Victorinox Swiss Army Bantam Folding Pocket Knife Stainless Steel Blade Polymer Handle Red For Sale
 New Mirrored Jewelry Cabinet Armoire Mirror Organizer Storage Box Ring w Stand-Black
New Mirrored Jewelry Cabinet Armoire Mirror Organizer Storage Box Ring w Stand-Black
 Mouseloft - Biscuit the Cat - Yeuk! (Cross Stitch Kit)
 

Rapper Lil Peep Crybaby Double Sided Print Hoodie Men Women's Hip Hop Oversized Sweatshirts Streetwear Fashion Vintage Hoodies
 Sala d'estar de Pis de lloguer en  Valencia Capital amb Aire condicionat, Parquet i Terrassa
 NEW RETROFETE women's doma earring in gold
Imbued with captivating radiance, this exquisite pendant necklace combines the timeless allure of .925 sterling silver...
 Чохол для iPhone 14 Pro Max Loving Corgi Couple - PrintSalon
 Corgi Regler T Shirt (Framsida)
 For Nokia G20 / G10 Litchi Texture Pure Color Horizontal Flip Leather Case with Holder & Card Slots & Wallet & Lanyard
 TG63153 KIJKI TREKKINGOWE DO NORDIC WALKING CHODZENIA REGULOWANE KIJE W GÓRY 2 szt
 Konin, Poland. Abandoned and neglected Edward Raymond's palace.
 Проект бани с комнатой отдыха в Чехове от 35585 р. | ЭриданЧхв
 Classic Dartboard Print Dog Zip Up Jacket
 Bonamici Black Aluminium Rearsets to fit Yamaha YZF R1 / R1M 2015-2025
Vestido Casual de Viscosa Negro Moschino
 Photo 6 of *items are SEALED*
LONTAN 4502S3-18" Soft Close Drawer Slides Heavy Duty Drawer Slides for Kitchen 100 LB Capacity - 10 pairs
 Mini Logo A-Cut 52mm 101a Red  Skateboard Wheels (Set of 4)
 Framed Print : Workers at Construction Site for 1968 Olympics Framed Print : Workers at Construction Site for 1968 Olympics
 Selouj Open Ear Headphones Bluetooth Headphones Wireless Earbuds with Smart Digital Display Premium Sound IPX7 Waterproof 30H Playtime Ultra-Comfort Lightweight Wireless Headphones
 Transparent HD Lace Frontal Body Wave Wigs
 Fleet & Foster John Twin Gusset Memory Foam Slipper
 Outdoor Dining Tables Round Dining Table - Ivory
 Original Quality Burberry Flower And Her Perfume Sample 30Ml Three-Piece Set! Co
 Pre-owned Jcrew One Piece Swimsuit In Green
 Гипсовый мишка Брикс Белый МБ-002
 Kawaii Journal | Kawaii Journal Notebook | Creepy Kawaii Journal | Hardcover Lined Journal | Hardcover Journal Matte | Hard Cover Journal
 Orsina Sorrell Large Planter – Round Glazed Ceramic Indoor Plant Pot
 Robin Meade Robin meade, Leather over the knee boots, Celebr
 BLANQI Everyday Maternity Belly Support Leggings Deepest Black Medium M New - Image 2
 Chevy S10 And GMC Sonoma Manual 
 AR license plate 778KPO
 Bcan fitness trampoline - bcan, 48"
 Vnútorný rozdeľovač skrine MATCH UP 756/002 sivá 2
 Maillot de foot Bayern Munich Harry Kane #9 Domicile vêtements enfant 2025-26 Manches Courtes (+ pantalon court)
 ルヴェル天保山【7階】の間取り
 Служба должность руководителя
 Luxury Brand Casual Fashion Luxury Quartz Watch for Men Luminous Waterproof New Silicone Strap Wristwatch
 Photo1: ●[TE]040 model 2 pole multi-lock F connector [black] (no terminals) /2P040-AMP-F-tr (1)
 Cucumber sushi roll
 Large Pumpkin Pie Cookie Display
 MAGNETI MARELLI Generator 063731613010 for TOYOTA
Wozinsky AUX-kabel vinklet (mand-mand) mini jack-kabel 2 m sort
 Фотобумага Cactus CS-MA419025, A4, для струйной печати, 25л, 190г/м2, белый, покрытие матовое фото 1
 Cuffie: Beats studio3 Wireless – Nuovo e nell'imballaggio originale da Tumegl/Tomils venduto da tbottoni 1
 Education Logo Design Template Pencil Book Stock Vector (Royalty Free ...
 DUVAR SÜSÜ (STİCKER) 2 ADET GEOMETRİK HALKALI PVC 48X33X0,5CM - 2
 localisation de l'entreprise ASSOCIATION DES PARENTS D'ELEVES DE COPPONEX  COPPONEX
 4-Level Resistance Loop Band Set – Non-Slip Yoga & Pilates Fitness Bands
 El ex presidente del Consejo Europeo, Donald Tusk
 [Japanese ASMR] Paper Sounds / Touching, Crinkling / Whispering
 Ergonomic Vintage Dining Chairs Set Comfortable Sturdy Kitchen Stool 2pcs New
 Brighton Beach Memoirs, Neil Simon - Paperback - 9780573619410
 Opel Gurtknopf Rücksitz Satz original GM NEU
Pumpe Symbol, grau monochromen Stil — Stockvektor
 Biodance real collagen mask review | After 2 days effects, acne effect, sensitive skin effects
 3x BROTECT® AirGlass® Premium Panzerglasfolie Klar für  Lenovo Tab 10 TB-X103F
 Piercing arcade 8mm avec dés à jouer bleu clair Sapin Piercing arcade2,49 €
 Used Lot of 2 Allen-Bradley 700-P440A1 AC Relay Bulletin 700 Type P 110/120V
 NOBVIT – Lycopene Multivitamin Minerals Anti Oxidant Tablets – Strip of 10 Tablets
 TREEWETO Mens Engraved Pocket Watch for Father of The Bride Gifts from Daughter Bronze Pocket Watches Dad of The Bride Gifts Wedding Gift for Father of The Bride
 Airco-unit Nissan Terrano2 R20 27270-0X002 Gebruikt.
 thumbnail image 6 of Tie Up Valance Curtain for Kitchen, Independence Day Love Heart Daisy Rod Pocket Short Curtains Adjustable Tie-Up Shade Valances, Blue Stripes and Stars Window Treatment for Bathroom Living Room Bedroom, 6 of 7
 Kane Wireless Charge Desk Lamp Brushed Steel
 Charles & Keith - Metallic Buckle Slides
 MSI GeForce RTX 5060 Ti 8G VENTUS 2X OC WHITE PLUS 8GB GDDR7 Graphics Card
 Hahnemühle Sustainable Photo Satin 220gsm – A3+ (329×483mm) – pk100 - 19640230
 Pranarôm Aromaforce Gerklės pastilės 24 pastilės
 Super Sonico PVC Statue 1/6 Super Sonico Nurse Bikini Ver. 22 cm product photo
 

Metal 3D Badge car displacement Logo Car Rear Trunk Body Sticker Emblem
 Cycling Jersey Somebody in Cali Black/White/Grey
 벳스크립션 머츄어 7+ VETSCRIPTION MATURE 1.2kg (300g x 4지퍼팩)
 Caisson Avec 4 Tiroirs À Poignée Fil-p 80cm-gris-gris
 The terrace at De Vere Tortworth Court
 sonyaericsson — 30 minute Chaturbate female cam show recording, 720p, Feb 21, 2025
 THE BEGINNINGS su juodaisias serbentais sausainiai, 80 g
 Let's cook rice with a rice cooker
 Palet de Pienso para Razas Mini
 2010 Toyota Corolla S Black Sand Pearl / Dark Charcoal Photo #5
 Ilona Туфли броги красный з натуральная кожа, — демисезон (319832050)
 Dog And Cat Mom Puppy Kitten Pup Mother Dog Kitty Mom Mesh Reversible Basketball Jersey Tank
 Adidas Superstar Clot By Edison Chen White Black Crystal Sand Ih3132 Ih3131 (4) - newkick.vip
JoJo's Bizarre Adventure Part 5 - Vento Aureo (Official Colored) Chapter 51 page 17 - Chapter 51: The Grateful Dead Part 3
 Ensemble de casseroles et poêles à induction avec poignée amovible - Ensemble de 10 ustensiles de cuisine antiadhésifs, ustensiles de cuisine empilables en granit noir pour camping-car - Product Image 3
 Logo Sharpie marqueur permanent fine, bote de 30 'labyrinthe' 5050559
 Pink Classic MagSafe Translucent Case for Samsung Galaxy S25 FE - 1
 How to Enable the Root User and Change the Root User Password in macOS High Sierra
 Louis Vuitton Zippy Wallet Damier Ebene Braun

※ ※ ※

- Exercise:
Up to and including the line with "Mouseloft - Biscuit", output each line of the entries above exactly, starting from the first.

- Finished task:
Victorinox Swiss Army Bantam Folding Pocket Knife Stainless Steel Blade Polymer Handle Red For Sale
 New Mirrored Jewelry Cabinet Armoire Mirror Organizer Storage Box Ring w Stand-Black
New Mirrored Jewelry Cabinet Armoire Mirror Organizer Storage Box Ring w Stand-Black
 Mouseloft - Biscuit the Cat - Yeuk! (Cross Stitch Kit)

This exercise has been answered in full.